Taxistas en guerra: miedo, ruina y supervivencia en las calles de Teherán
TEHERÁN, IRÁN. 29 Abril. (Noticias del Taxi) – En Teherán, los taxistas se han convertido en testigos directos del coste humano de la ofensiva lanzada por Estados Unidos e Israel contra Irán, una escalada militar que ha castigado a la población civil, golpeado infraestructuras esenciales y sumido a miles de trabajadores en una rutina marcada por el miedo, la precariedad y la incertidumbre.
Lejos del discurso oficial de los “ataques selectivos”, lo que describen los conductores iraníes es una ciudad herida: barrios paralizados, familias aterrorizadas, calles vacías y una economía urbana al borde del colapso.

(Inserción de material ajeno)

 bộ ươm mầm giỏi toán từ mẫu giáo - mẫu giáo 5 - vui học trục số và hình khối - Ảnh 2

Para quienes viven del volante, la guerra no se mide en comunicados militares, sino en jornadas sin ingresos, clientes con miedo y carreteras atravesadas por controles, sirenas y destrucción.
Los taxistas de Teherán aseguran que conducir se ha convertido en una actividad de riesgo en una ciudad donde la ofensiva estadounidense e israelí ha dejado una estela de destrucción que va mucho más allá de objetivos militares. Mientras Washington y Tel Aviv justifican los ataques en nombre de la seguridad, sobre el terreno el impacto lo sufren sobre todo los civiles, los trabajadores, las familias y los barrios enteros atrapados en una guerra que no han elegido.

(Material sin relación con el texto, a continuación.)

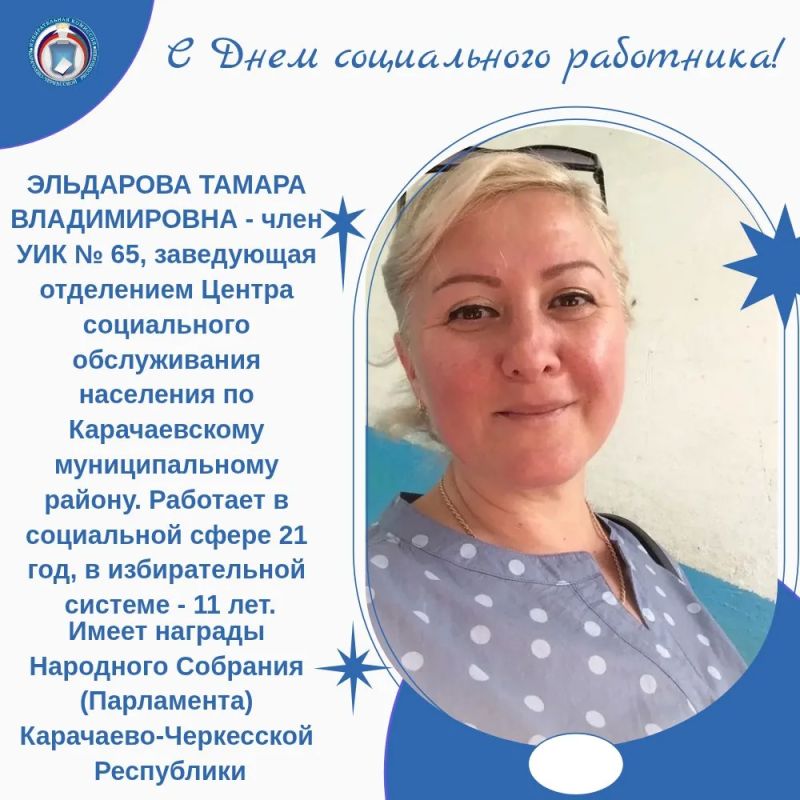 ДЕНЬ СОЦИАЛЬНОГО РАБОТНИКА - праздник людей, которые первыми принимают на себя волны людских проблем и в меру своих возможностей помогают решать эти проблемы ДЕНЬ СОЦИАЛЬНОГО РАБОТНИКА - праздник людей, которые первыми принимают на себя волны людских проблем и в меру своих возможностей помогают решать эти проблемы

Muchos conductores relatan jornadas en las que el sonido de las explosiones y las sirenas acompaña cada trayecto. El taxi, explican, ha dejado de ser un medio de transporte cotidiano para convertirse en un vehículo de supervivencia.

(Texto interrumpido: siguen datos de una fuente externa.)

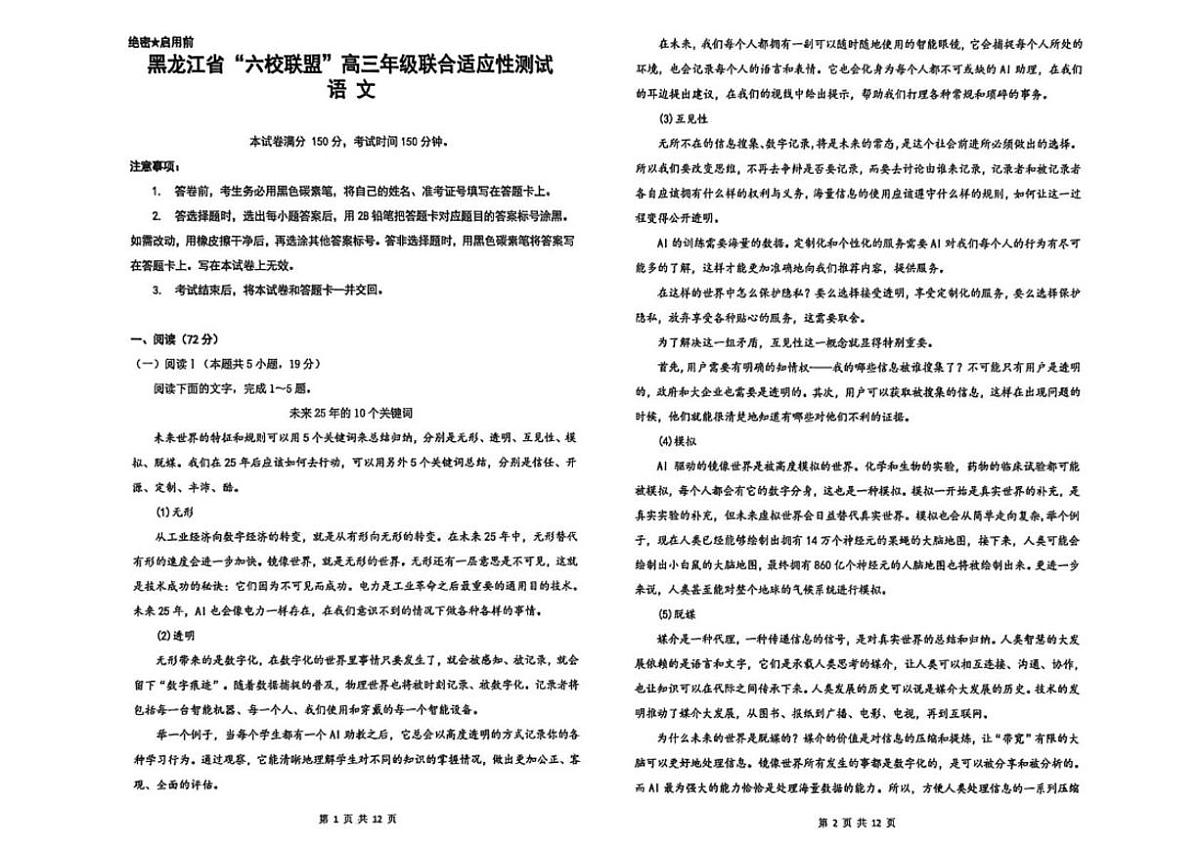 2026届黑龙江省六校联盟高三上学期1月联合适应性测试（期末）语文试卷（含答案）第1页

Menos pasajeros, más miseria
La ofensiva ha vaciado las calles. El miedo a nuevos bombardeos, el cierre de zonas urbanas y el colapso parcial de la movilidad han reducido drásticamente el número de pasajeros. Para miles de taxistas, esto se traduce en una realidad brutal: trabajar más horas para ganar menos dinero, en medio de una crisis agravada por la inflación y el encarecimiento de los costes básicos.
La caída de ingresos ha sido inmediata. Muchos conductores pasan horas circulando sin clientes, mientras otros optan por no acercarse a zonas consideradas sensibles por temor a quedar atrapados en un ataque o en un bloqueo militar. El resultado es una ciudad donde moverse es ahora más difícil, más caro y más peligroso.
La guerra contra los civiles
Uno de los aspectos más denunciados por los trabajadores del taxi es que el castigo de esta ofensiva no se limita a instalaciones estratégicas. Las consecuencias han alcanzado de lleno a la población civil: viviendas destruidas, centros médicos dañados, escuelas alcanzadas y barrios enteros convertidos en espacios de miedo permanente.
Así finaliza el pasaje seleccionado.